A Path exposes every component of its address as an attribute. Instead of calling os.path.splitext, os.path.basename, and os.path.dirname — three separate functions for three pieces of the same path — you read .stem, .name, and .parent from one object.

Replace process_station:

def process_station(station_id):
    station_dir = BASE / station_id
    paths = sorted(station_dir / f for f in os.listdir(station_dir) if f.endswith(".csv"))
    latest_path = paths[-1]

    print(f"  .name   : {latest_path.name}")
    print(f"  .stem   : {latest_path.stem}")
    print(f"  .suffix : {latest_path.suffix}")
    print(f"  .parent : {latest_path.parent.name}")

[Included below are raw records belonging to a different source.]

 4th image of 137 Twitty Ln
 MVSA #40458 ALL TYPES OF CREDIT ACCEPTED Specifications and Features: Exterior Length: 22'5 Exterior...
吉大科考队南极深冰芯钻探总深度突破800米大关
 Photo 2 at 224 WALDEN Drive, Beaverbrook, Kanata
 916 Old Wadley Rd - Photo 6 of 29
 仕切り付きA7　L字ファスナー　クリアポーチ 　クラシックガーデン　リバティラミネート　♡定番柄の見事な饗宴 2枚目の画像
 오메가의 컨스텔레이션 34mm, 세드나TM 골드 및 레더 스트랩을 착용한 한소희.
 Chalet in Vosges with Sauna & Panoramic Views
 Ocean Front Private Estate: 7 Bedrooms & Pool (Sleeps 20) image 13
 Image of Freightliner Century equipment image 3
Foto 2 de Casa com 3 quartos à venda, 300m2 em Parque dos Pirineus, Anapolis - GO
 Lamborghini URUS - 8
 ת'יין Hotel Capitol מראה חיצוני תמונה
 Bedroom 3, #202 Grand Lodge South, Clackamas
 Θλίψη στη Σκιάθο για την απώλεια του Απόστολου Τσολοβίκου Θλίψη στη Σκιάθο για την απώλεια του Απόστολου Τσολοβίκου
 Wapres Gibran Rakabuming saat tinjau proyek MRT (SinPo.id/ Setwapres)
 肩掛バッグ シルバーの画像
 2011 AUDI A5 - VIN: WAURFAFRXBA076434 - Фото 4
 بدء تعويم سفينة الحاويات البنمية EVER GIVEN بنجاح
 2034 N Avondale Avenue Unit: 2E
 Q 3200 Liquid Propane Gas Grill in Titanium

    with open(latest_path) as f:
        reader = csv.DictReader(f)
        temps = [float(r["temp_c"]) for r in reader]

    avg = sum(temps) / len(temps)
    print(f"Station {station_id} | Date: {latest_path.stem} | Avg temp: {avg:.1f}°C\n")

for station in STATIONS:
    process_station(station)


  .name   : 2024-01-17.csv
  .stem   : 2024-01-17
  .suffix : .csv
  .parent : NST-01
Station NST-01 | Date: 2024-01-17 | Avg temp: 21.8°C

  .name   : 2024-01-17.csv
  .stem   : 2024-01-17
  .suffix : .csv
  .parent : NST-02
Station NST-02 | Date: 2024-01-17 | Avg temp: 18.5°C

  .name   : 2024-01-17.csv
  .stem   : 2024-01-17
  .suffix : .csv
  .parent : NST-03
Station NST-03 | Date: 2024-01-17 | Avg temp: 25.4°C


latest_path.stem gives the date string directly — no tuple unpacking, no slicing. latest_path.parent.name gives the station ID from the path itself rather than from the outer variable, which means the information comes from where the file actually lives, not from a string passed in separately.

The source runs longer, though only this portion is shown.